Some large, meat-eating dinosaurs such as Tyrannosaurus rex had keyhole-shaped eye sockets, and reconstructions suggest this helped them bite with greater force
The eye socket of Tyrannosaurus rex played an important part in how the giant carnivores evolved some of the most powerful bites of all time.
The skulls of some massive, meat-eating dinosaurs contain a puzzling feature: rather than being round, the bony eye socket, also called the orbit, is keyhole-shaped.
“Orbits and eyes are poorly studied in dinosaurs relative to other parts of their anatomy,” says Stephan Lautenschlager at the University of Birmingham, UK – particularly the variation in orbit shape between dinosaur groups.
After surveying the shape of eye openings across dinosaurs and their relatives, Lautenschlager found that most of the animals in the study had more or less round orbits. The main exceptions were big carnivores such as adult T. rex, Skorpiovenator and Cryolophosaurus. These distantly related carnivores all shared the keyhole orbit shape.

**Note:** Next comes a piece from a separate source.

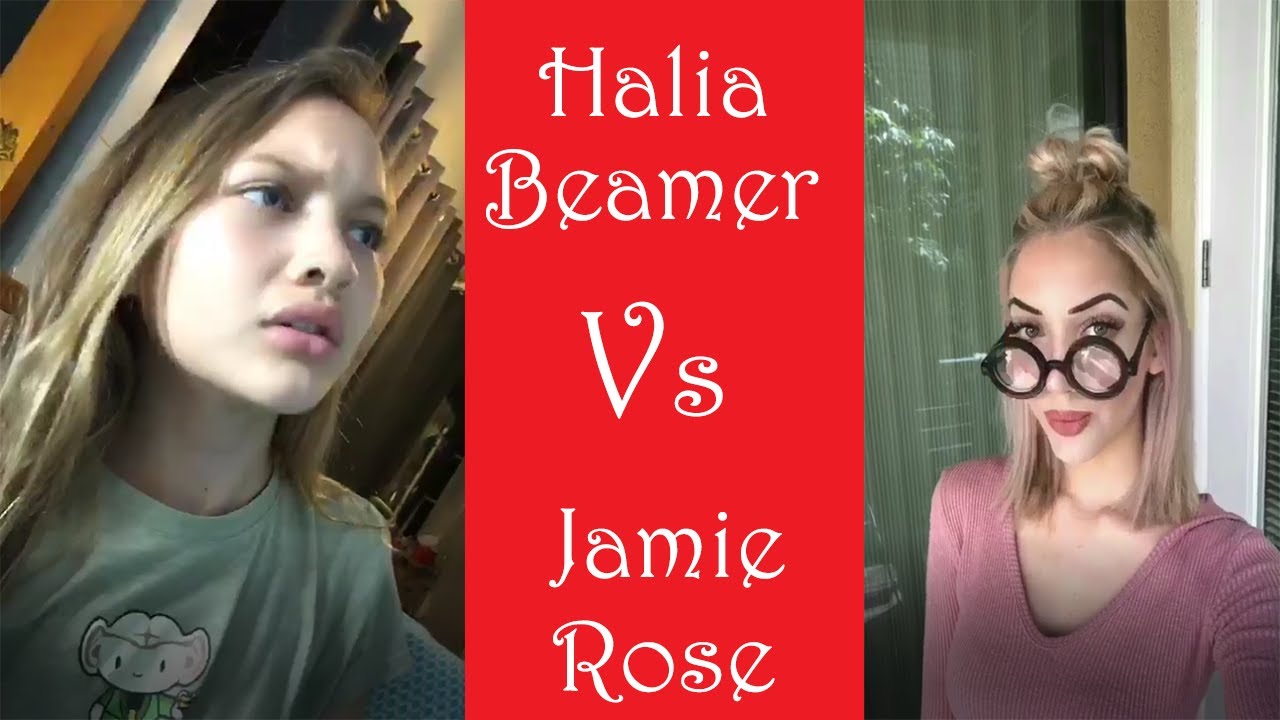 June Haver forecast Mabel Barrison forecasting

The unusual opening in their skulls may be the result of an evolutionary trade-off between larger eyes and more powerful bite forces. Computer models suggest that a smaller eye allowed for additional muscle attachments in the skull that would have allowed these dinosaurs to evolve stronger bites, whereas a larger orbit, and therefore a larger eye, wouldn’t have provided much additional benefit.
In stress tests of skulls with different eye shapes, the keyhole orbits were better able to dissipate the stresses of biting hard than round ones.
“Eyes are physiologically very expensive and there is likely a compromise between getting larger eyes, which could enable better sight, versus stress reduction,” says Lautenschlager, with the latter being more important for these carnivores.
The new study has major implications for research into how carnivorous dinosaurs matured, says Andre Rowe at the University of Bristol, UK, who wasn’t involved in the work. The juveniles of dinosaurs such as T. rex had circular orbits like most other dinosaurs. As T. rex grew up, however, its skull shape and anatomy changed dramatically.
“Juveniles preyed on agile, small prey, while adults dispatched large prey with a single bite,” says Rowe, and the orbit shape played a part in this menu shift.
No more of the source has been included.